From experience, as a gay person in Nairobi, I'd say, it’s bittersweet, but mostly on the bitter side.
Well, for stigma I’ve faced a series of stigma, as a gay man, first of all, and a little bit of feminine presenting, there's a lot of, how they put it I don't know, badmouthing, those small small words that were put up behind your back thinking that you're not hearing.
I've had that. I've also been, raided in my home. And I was arrested, for the allegations of being a queer. I've also been evicted. Those are just, some of the forms of stigma faced.
I've grown thick skin and endurance. I'm not the same person I was before. If it was a couple of years back, I'd say it would have affected me so badly because then my mental health was not really doing well due to the stigma and discrimination I was facing as a queer person.
I am majorly focused in the HIV space. I am an HIV champion, openly living with HIV by the way.
I'd say the point of living authentically myself is what really drives me. And the fact that I realized that I do not have to prove anything to anyone for me to be able to live.
First, before I got to know about the queer friendly drop-in centres that we have in Nairobi, … I didn't used to go to any place to seek any sexual reproductive health.
I used to keep to myself or treat myself through the chemist. That was around the time I got infected with HIV. But after that, I'd say it's become easy for me. And also another fact that I am an advocate for sexual and reproductive health,
I'd say it's easy for me to access because I know what I'm going to access and I know how to ask for what I want to access.
The queer friendly spaces or the drop-in centres that serve gay people, I’d say they’re knowledgeable about the health of LGBTQI persons.
But if you come to the other side to the general public hospitals, that is when we have a problem because we still have stereotypes and we still have health providers who are still stuck in those back days, they still do not understand what LGBTQI people need for their sexual reproductive health. Mostly for trans people, that’s where we have a problem.
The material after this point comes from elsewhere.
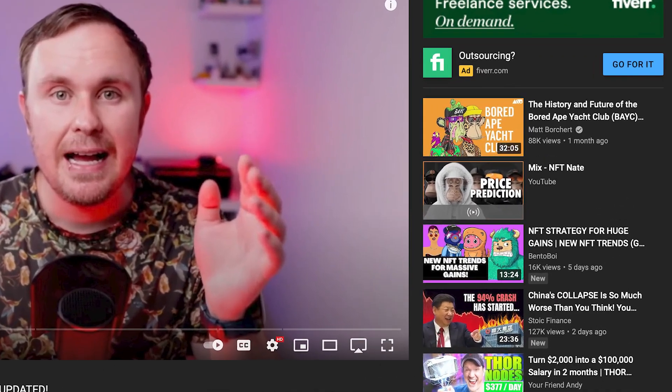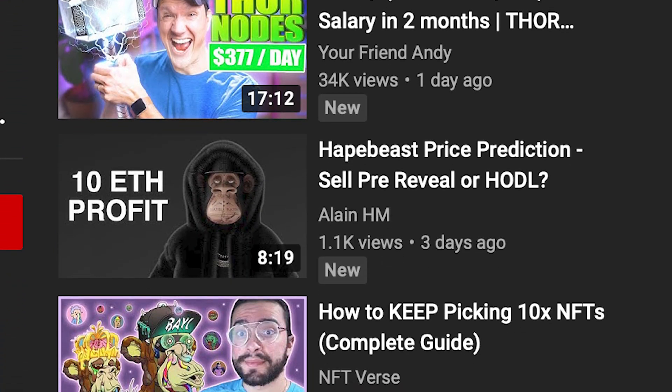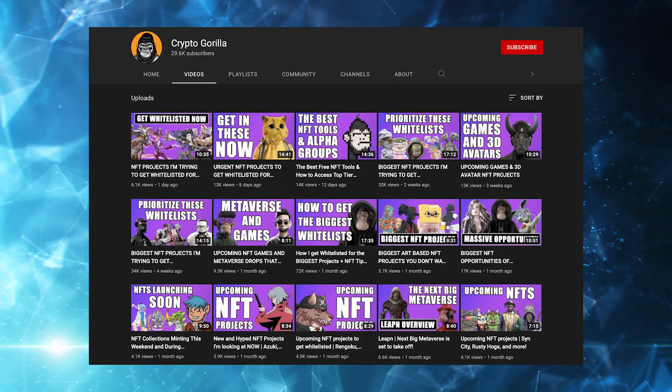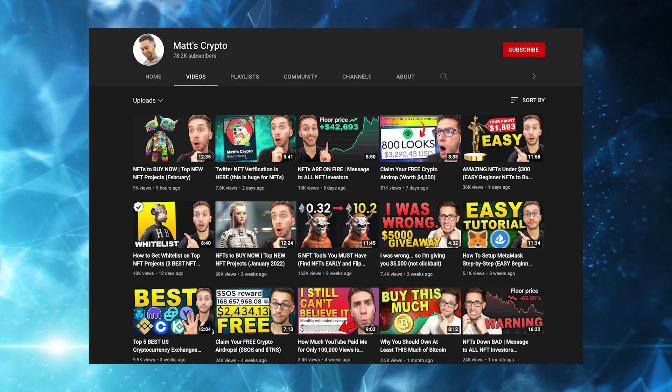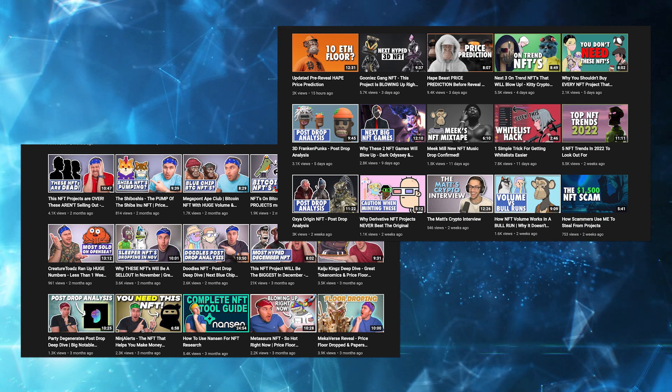Thumbnails are almost the most important thing on a channel. People only know you exist because they clicked on a video, and they only clicked because they saw the thumbnail. Look at people within the niche — see what thumbnails they're putting together and emulate those, because those thumbnails are working for a reason. Look at what Crypto Gorilla, Ryan D Crypto, and Matt's Crypto are putting out, because they're generating clicks and working for the algorithm. When I changed my thumbnails over, I saw an increase in viewership and subscribers by leaning into what was working.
For instance, I'm a trans person and I go to a public hospital, I give them identification. It shows a different name from what they're saying. That in itself becomes a problem. You know, there's so this frustrates me. And now I'm back to the stereotyping and the stigma.
After I got infected, I was accessing my medication from a public hospital. First of all, I'm feminine presenting, even if I'm wearing masculine presenting clothes, it still has its way of showing, they used to use those certain eyes of maybe there's something missing, but we're not seeing it.
And every time I ask for condoms, then they really pressure me to bring my partner thinking that my partner was female.
There's a lot of information, but not all of it is correct information about HIV prevention and all these other services.
For those that are facing stigma or internalized stigma, I'd say I know it's not an easy route. It's never easy. But the most important thing is that you have first of all to learn to love yourself first.
Learn to care about yourself. Learn to care about what you think, not what others think. In anything that you do, do it for yourself first before you do it for any other person. And it's not really anyone's business who you are sleeping with. It's typically your own business. So just be you, love you and be queer and proud.